Prerequisites for the chapter "Inverse Laplace Transform"


The graph summarizes the prerequisites for this task.

  • $H_{\rm L}(p)$  describes the transfer function of the causal system and  $Y_{\rm L}(p)$  specifies the Laplace transform of the output signal  $y(t)$  considering the input signal  $x(t)$ .  $Y_{\rm L}(p)$  is characterized by  $N$  poles,  by  $Z ≤ N$  zeros and by the constant  $K.$
  • Poles and zeros exhibit the properties mentioned in the  last chapter:  Poles are only allowed in the left  $p$–half plane or on the imaginary axis;  zeros are also allowed in the right  $p$–half plane.
  • All singularities – this is the generic term for poles and zeros – are either real or exist as pairs of conjugate-complex singularities.  Multiple poles and zeros are also allowed.
  • With the input  $x(t) = δ(t)$   ⇒   $X_{\rm L}(p) = 1$   ⇒   $Y_{\rm L}(p) = H_{\rm L}(p)$, the output signal  $y(t)$  then describes the impulse response  $h(t)$  of the transmission system.  For this purpose, only the singularities drawn in green in the graph may be used for computation.
  • A step function  $x(t) = γ(t)$   ⇒   $ X_{\rm L} = 1/p$  at the input causes the output signal  $y(t)$  to be equal to the  step response   $σ(t)$ of $H_{\rm L}(p)$ .  In addition to the singularities of  $H_{\rm L}(p)$,  the pole (shown in red in the graph) at  $p = 0$  must now also be taken into account for computation.
  • Only signals for which  $X_{ \rm L}(p)$  can be expressed in pole-zero notation are possible as input  $x(t)$  (see the  table  in the chapter "Laplace Transform and $p$–Transfer Function"), for example a cosine or sine signal switched on at time  $t = 0$ .
  • So, a rectangle as input signal  $x(t)\ \ ⇒ \ \ X_{\rm L}(p) = (1 - {\rm e}^{\hspace{0.05cm}p\hspace{0.05cm}\cdot \hspace{0.05cm} T})/p$  is not possible in the approach described here.  However, the rectangular response  $y(t)$  can be computed indirectly as the difference of two step responses.

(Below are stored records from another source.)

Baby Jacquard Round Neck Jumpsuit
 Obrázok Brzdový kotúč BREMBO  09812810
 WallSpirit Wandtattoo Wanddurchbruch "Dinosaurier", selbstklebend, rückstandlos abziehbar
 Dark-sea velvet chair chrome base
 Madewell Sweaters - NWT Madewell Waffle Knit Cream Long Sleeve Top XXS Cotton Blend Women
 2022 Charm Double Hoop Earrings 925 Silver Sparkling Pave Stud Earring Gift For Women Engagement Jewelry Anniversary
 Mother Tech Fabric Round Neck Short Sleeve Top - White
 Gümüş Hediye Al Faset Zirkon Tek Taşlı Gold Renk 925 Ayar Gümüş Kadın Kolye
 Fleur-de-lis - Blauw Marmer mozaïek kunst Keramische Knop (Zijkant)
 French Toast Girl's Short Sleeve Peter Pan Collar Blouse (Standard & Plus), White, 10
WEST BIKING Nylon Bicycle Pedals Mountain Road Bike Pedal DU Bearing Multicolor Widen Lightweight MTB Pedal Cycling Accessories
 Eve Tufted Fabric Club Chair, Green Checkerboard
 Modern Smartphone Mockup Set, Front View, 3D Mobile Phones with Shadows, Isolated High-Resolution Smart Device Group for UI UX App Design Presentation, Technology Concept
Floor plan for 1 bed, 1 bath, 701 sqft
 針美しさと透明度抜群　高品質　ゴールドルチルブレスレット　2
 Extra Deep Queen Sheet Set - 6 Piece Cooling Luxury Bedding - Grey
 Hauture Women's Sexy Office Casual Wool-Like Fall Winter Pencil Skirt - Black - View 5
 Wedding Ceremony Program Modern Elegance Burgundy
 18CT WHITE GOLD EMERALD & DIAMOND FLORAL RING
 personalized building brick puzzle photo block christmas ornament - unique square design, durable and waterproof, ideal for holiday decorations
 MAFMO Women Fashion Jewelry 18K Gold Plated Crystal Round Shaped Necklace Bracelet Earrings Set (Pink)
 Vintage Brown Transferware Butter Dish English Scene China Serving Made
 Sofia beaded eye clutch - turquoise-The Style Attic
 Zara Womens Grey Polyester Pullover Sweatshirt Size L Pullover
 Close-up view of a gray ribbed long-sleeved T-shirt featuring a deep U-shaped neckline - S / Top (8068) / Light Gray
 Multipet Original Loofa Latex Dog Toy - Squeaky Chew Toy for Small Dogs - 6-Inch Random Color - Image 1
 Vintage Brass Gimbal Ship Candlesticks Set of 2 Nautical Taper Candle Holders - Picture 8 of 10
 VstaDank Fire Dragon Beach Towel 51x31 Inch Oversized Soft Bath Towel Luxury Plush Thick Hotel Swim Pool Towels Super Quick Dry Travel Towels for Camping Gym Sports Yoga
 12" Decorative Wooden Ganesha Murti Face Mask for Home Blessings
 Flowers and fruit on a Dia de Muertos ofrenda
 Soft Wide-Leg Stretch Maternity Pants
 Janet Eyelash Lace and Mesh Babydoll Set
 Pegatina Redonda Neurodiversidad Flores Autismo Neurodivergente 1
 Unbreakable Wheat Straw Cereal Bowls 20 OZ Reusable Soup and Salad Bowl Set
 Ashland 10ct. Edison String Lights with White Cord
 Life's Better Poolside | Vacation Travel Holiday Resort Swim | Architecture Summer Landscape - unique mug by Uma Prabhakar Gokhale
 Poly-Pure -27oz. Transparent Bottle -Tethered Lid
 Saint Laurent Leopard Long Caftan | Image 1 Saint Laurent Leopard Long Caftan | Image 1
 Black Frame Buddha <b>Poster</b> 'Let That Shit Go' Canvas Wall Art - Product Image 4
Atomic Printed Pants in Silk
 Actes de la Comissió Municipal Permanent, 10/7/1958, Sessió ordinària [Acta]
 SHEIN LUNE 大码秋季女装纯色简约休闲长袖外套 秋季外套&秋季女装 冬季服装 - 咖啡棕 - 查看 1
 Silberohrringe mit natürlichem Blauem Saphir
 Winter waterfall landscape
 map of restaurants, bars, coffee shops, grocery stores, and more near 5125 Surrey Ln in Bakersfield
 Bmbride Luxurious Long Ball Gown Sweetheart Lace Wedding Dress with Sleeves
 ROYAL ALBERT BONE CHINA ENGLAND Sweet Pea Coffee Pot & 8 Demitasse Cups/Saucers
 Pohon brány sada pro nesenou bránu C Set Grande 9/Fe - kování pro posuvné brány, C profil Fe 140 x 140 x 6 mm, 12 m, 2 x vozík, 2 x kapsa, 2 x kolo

Some results of the theory of functions


In contrast to the  Fourier integrals,  which differ only slightly in the two directions of transformation,  for  "Laplace"  the computation of  $y(t)$  from  $Y_{\rm L}(p)$ – that is the inverse transformation – is

  • much more difficult than computing  $Y_{\rm L}(p)$  from  $y(t)$,
  • unresolvable or solvable only very laboriously by elementary means.


$\text{Definition:}$  In general, the following holds for the  inverse Laplace trans:

$$y(t) = {\rm L}^{-1}\{Y_{\rm L}(p)\}= \lim_{\beta \hspace{0.05cm}\rightarrow \hspace{0.05cm}\infty} \hspace{0.15cm} \frac{1}{ {\rm j} \cdot 2 \pi}\cdot \int_{ \alpha - {\rm j} \hspace{0.05cm}\cdot \hspace{0.05cm}2 \pi \beta } ^{\alpha+{\rm j} \hspace{0.05cm}\cdot \hspace{0.05cm}2 \pi \beta} Y_{\rm L}(p) \hspace{0.05cm}\cdot \hspace{0.05cm} {\rm e}^{\hspace{0.05cm}p \hspace{0.05cm}\cdot \hspace{0.05cm} t}\hspace{0.1cm}{\rm d}p \hspace{0.05cm} .$$
  • The integration is parallel to the imaginary axis.
  • The real part  $α$  is to be chosen such that all poles are located to the left of the integration path.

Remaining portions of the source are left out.